__Exercise__
Could you reproduce the lines below from the one with "First (Successful) Hydro Grow. Week 8" through the one with "Dog Date Afternoon still"? Keep both ends and add nothing.

Information supplied START

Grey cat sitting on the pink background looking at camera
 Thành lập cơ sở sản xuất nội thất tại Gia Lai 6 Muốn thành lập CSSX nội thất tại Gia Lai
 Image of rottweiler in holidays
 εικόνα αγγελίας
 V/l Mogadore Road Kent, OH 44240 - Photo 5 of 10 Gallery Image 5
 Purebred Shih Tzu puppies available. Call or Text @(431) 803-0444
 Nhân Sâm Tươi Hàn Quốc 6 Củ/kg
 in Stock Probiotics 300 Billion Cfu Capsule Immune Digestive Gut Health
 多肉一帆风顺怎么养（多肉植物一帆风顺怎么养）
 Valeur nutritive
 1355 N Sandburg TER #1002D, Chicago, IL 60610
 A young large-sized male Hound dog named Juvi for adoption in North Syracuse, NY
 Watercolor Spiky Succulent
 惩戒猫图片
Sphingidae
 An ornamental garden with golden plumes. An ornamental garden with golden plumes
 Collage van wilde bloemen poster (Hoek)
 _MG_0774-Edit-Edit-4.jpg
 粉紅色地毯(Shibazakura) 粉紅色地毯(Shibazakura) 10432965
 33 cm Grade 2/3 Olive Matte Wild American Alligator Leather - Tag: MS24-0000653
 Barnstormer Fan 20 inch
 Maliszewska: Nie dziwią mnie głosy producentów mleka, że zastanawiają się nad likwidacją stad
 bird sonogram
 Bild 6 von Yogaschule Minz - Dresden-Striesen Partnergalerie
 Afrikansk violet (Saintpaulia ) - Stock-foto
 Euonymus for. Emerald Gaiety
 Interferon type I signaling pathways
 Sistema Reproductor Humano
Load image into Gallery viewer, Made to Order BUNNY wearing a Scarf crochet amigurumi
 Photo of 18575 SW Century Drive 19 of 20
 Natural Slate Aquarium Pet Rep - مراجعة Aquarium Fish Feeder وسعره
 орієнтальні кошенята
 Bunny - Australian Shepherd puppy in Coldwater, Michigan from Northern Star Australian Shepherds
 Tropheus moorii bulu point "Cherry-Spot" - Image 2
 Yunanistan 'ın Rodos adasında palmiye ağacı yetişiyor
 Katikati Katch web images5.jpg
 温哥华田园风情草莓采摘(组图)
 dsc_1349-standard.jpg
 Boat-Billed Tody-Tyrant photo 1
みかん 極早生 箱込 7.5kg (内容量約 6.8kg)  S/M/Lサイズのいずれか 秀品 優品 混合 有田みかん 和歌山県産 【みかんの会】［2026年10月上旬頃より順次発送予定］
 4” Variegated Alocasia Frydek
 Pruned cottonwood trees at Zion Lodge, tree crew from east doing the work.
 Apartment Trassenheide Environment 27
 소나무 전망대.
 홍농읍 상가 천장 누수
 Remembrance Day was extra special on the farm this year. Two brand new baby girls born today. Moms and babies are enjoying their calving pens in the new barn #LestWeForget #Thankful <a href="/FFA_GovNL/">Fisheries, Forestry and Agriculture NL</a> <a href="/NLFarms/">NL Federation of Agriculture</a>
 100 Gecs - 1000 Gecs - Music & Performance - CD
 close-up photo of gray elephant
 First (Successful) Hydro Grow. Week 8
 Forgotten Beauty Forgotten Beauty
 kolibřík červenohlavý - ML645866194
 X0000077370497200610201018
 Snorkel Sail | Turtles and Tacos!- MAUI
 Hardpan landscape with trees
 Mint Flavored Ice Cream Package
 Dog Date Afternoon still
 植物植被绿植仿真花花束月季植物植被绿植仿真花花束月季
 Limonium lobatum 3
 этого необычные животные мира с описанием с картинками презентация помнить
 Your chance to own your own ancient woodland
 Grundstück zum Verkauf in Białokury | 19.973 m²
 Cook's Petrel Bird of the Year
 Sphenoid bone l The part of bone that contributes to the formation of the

Information supplied END

__Solution to the problem__
 First (Successful) Hydro Grow. Week 8
 Forgotten Beauty Forgotten Beauty
 kolibřík červenohlavý - ML645866194
 X0000077370497200610201018
 Snorkel Sail | Turtles and Tacos!- MAUI
 Hardpan landscape with trees
 Mint Flavored Ice Cream Package
 Dog Date Afternoon still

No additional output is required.